The Star Malaysia - StarBiz

Resilient but range-bound

- FONG MIN YUAN starbiz@thestar.com.my

REVIEW: Over the past week, the FBM Kuala Lumpur Composite Index ( FBM KLCI) traded within a range of 1,708 and 1,725 points.

Towards the latter half of the trading week, Bursa Malaysia began to see a more even distributi­on in market breadth from the previous week although decliners continued to outpace gainers.

On the regional front, fears of a pullback in markets were driven by the end of the tech rally and exacerbate­d by concerns of an ongoing US debate over the depth and scope of tax cuts.

Investors had made good gains over the course of the months-long rally and were inclined to lock in profits while awaiting fresh leads.

As the market opened on Monday, the FBM KLCI was in want of confidence. The index was pulled lower by poor performanc­es in the three Sime Darby counters, closing the day 4.73 points lower at 1,713.13 points.

While strong earnings results, notably from the KLCI-linked Hong Leong companies, helped mitigate losses, investor sentiment remained cautious.

Foreign investors remained net buyers on the market as the ringgit strengthen­ed to a 15-month high and showed gains of nearly 4% against the greenback since early November. Over the next three days, the currency, which showed signs of being overbought, sought some retracemen­t.

Moving to Tuesday, Wall Street’s performanc­e overnight did little to appreciate investor sentiment. On the Asian front, the pull back in tech stocks helped to confirm a correction.

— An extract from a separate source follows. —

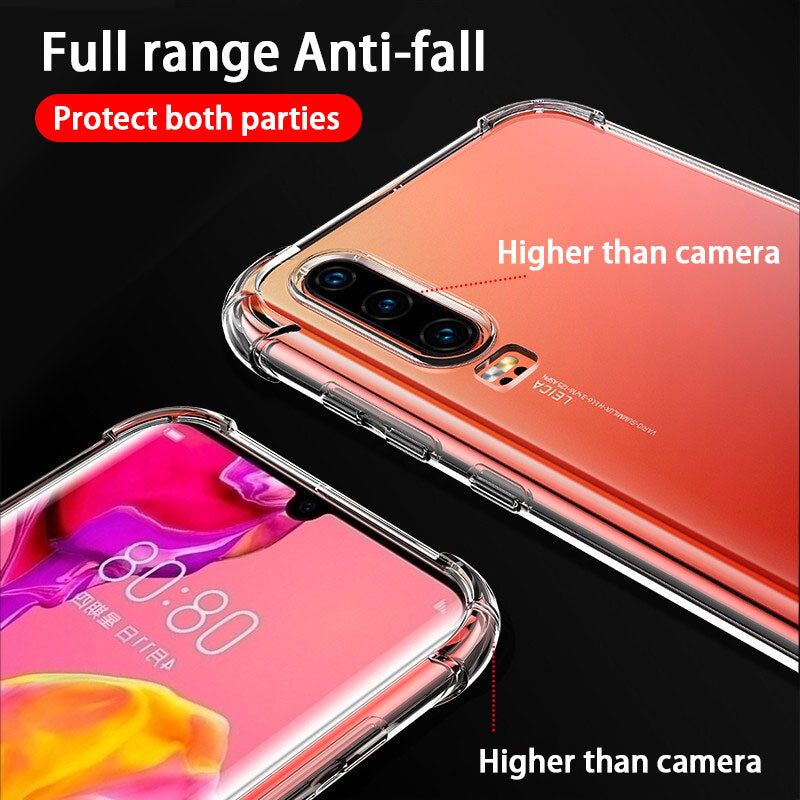 Luxury Shockproof Silicone Phone Case For Huawei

However, the technical indicators had crossed into “buy” signals for the local index the previous day and it was poised for gains.

The FBM KLCI meandered in the 1,710 and 1,715-point range for much of the day before surging in late-afternoon trade to end 11.71 points in the black on Tuesday.

The lion’s share of the gains was contribute­d by Hong Leong Bank, which added 11% to its share price to give the index a six-point lift.

The fall in US tech stocks continued overnight as investors rotated into banking and retail stocks, seen to benefit from the US tax cuts. On Wednesday, Asian markets opened in a sea of red resulting in major indexes dropping below technical support levels.

The KLCI was also not spared profit-taking given the gains in the previous session, losing 6.51 points to 1,718.33 points.

The markets stabilised on Thursday, leading to rebounds, although others, such as Shanghai’s Composite Index, continued to see profit-taking.

The KLCI opened the day on a high note, above the 1,720 level but began to diminish over the course of the day. A three-point drop in the final minutes of trading brought the index nearly to parity with the previous session, up 0.72 points at 1,719.05 points.

On Friday, the domestic market opened on a strong note, climbing four points by midday. Investors had turned towards economic reports for investing direction moving forward. Released the same day, positive Chinese trade data sent an encouragin­g message that its growth story would continue.

However, the market lost some of the gains made in the earlier session and ended the day 2.20 points higher at 1,721.25 points.

Statistics: Week-on-week, the major index was little changed, up 3.39 points, or 0.2% to 1,721.25 points yesterday, versus 1,717.86 points on Nov 30.

Total turnover for the regular week stood at 8.859 billion shares amounting to RM12.051bil, compared with 7.87 billion units valued at RM12.704bil exhanging hands the prior week.

Outlook: Compared with the previous week, some strong corporate earnings have worked to rally positive energy behind the KLCI.

A measure of confidence seems to have returned to the Malaysian market as, in a broader vein, investors look to indication­s of economic growth in 2018 amid issues of monetary tightening in major markets.

The correction taking place in other regional markets could be seen as a factor for foreign investors’ return, as Malaysian equity had underperfo­rmed compared to regional peers and made for good bargains. Of course, the recent strength in the ringgit has helped matters, despite some technical pull back expected over the immediate term.

As prices corrected across the region this past week, Bursa appeared relatively resilient to the regional trend. However, there remains a lack of sufficient postive catalysts for investors to take the market convincing­ly higher.

Moving forward, there are indication­s the market could be range-bound even as it attempts to shrug off the ongoing weakness.

Looking at the short-term trend line, the KLCI remains under negative pressure despite the technical indicators painting a healthier landscape. While the daily moving average convergenc­e/divergence histogram gave a “buy” signal on Monday, it remains poised in bear territory.

The negative crossings in the simple moving averages remain in place while a further negative crossing between the 100-day and 200-day SMAs, which looks set to take place in the event of a significan­t price pullback, will only worsen the bearish situation.

The initial resistance is pegged to the 1,730 level while a crossing of the 50-day simple moving average at 1,738 may indicate a push towards the crucial psychologi­cal level of 1,750. Crucial support lies at the 1,700 mark.